Single-photon LiDAR (SPL), based on time-correlated single-photon counting technology, offers extremely high sensitivity. However, its detection capability is severely limited under strong sunlight. Although macropixel combined with multi-photon coincidence detection can effectively suppress background noise, optimizing their multidimensional parameter space traditionally relies on time-consuming, high-cost, and labor-intensive stepwise experimentation, which is also prone to redundancy. Therefore, there is an urgent need to develop a comprehensive and high-throughput method to simplify and optimize the macropixel configuration workflow across different environments.
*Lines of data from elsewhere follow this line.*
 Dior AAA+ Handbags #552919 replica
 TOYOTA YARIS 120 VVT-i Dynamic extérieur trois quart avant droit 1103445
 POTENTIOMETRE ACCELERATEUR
To overcome these limitations, a simulation method was proposed. This method integrated two core computational models: the photon echo model, which characterized laser beam transmission and target interaction, and the signal readout model, which simulated photon-response behavior in single-photon detectors and described the operational logic of macropixel signal readout circuits. By coupling these models, the optimal macropixel configuration parameters that maximized SPL detection performance in specific environments could be efficiently obtained. Specifically, the photon echo model calculated the expected flux of signal photons returning from the target. Subsequently, the signal readout model simulated the triggering process of the detector in response to signal photons and solar background noise photons, based on Poisson statistics. It determined valid readout signals through an integrated mechanism involving programmable delayed detection windows and tunable photon-event triggering thresholds. By systematically scanning different values for detection window length and triggering threshold, the coupled simulation framework could generate photon-counting histograms for various macropixel configurations under different solar background light intensities.
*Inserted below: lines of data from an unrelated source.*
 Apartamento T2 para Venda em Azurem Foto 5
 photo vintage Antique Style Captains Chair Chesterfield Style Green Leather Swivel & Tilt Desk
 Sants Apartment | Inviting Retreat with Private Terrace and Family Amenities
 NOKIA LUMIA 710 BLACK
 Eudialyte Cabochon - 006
Using this simulation approach, photon-counting histograms for both single pixels and macropixels under varying solar background light intensities were obtained, followed by detection performance analysis to derive signal-to-noise ratio (SNR) data for macropixels under different background conditions. The results clearly revealed the fundamental limitation of single-pixel SPL under sunlight: it was inherently incapable of effectively extracting target echo signals, with SNRs consistently below 1.0. In stark contrast, macropixel configurations (1 × 2, 2 × 2, 2 × 4) equipped with dynamically optimized coincidence detection parameters exhibited strong noise suppression and significant SNR enhancement. Crucially, the proposed method identified specific combinations of detection window timing and triggering thresholds that maximized SNR for each macropixel size under given background conditions. For instance, under an extreme solar background intensity of 70 klx, optimized parameter combinations achieved SNRs of 10.25 for 1 × 2 macropixels, 12.26 for 2 × 2 macropixels, and 17.51 for 2 × 4 macropixels (Table 2 ~ Table 4)—representing orders-of-magnitude improvements over single-pixel performance. Furthermore, photon-counting histograms of optimized macropixels consistently displayed a prominent and distinct peak, a feature entirely absent in single-pixel histograms. These results robustly demonstrated the inherent superiority of macropixel coincidence detection schemes for noise suppression. This indicated that, given known LiDAR system specifications, selected macropixel structures, and background light intensity, the proposed simulation method could rapidly and efficiently determine the precise combination of triggering threshold levels and coincidence window lengths required to achieve the optimal SNR for that specific operating point.

This study successfully implements and validates a global simulation framework for spatiotemporal coincidence detection mechanisms in macropixel signal readout within SPL systems. Its core achievement lies in determining the specific optimal combination of photon-event triggering thresholds and coincidence detection window parameters that maximize system SNR for given LiDAR system parameters, macropixel structures, and current background light intensity. This simulation method offers a viable alternative to expensive and time-consuming experimental iterations, facilitates efficient exploration of macropixels’ complex parameter space, and establishes a critical theoretical and practical foundation for optimizing and accelerating the development of macropixel-based signal readout circuits.